Dragon eyes and Aerian eyes both drilled into the side of Kaylin’s averted face. Which was probably redder than it had to be. The big advantage to being Leontine, in Kaylin’s opinion, was that humiliation or embarrassment wasn’t instantly trumpeted to everyone with working eyes by the color of fur.

“When were you going to mention this?” Moran snapped, in her annoyed-sergeant voice.

“She wasn’t, if she could get away with it,” Bellusdeo replied. Kaylin still hadn’t groped her way toward a coherent reply she thought Moran could live with.

“Why did you invite the Hawklord?” Moran demanded. Demand was going to be her mode of conversation for at least the next few minutes.

“I didn’t. He invited himself.”

Moran’s eyes narrowed.

“She isn’t lying,” Helen told the Aerian in a very mild voice.
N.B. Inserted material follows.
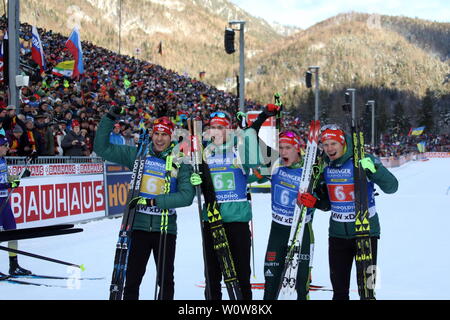 Der Jubel DSV-Skijäger über zwei Platz : v.li. Arnd Peiffer (Clausthal-Zellerfeld), Johannes Kühn (WSV Reit im Winkl), Benedikt Doll (SZ Breitnau), Roman Rees (SV Schauinsland) nach dem Staffelrennen Biathlon IBU der Herren Weltcup à Ruhpolding 2019 Banque D'Images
Moran accepted this. She probably wouldn’t have accepted it as easily coming from Kaylin, and Kaylin tried not to resent it. “How did he find out about your dinner?”

“I’ve been wondering that, as well. I certainly didn’t tell him. I didn’t tell anyone at the office.” But people at the office had also been guests in her home, inasmuch as she’d ever had guests. She considered Teela and Tain. “It’s political.”

Moran’s expression saidno kidding, but more emphatically. “So you’re having dinner with the Emperor and the Hawklord.” She shook her head.

“You could join us.”

“Not a chance. If I could actually fly, I’d spend the evening in training exercises, just to make sure there was no possibility of overlap.” She exhaled, and some of the tension left her shoulders. It had lodged pretty deeply in her face, though.

“The Emperor would be coming to dinner regardless of where you were living,” Helen told the Aerian. Kaylin was perversely happy to see that she wasn’t the only person whose private thoughts were addressed out loud. “The Hawklord would therefore invite himself to dinner, again regardless of your residence. It is the Emperor he wishes to—informally, off-Records—engage. Your presence may indeed be causing difficulty for the Hawklord, but it is not causing difficulty for Kaylin. Or for me.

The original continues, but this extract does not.